■ **EXERCISE**
For the listing below, output exactly the lines from the line with "9 Galette Place, South Morang VIC 3752" up to and including the line with "24 Tiel Way, Houston, TX", and no other lines.

■ **RECORDED DATA**
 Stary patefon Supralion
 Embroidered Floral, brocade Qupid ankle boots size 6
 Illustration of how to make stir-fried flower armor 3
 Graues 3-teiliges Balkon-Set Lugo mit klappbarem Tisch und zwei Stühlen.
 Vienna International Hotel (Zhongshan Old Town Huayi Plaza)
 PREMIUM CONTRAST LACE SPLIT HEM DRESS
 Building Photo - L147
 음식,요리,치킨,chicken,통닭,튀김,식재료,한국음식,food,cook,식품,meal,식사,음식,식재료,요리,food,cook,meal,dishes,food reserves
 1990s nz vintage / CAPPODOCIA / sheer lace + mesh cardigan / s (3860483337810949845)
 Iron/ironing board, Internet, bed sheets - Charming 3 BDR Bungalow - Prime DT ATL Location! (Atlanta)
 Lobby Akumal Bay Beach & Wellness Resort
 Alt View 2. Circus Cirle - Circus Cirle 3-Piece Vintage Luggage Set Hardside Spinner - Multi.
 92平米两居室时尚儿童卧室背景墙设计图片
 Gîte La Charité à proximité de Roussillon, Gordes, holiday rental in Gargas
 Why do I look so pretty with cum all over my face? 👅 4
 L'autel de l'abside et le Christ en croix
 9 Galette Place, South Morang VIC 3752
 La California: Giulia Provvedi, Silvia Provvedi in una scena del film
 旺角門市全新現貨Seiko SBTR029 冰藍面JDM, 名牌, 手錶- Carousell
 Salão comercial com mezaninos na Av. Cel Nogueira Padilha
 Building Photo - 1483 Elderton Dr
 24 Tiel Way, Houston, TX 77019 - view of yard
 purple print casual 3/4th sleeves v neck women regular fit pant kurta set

■ **EXPECTED OUTPUT**
 9 Galette Place, South Morang VIC 3752
 La California: Giulia Provvedi, Silvia Provvedi in una scena del film
 旺角門市全新現貨Seiko SBTR029 冰藍面JDM, 名牌, 手錶- Carousell
 Salão comercial com mezaninos na Av. Cel Nogueira Padilha
 Building Photo - 1483 Elderton Dr
 24 Tiel Way, Houston, TX 77019 - view of yard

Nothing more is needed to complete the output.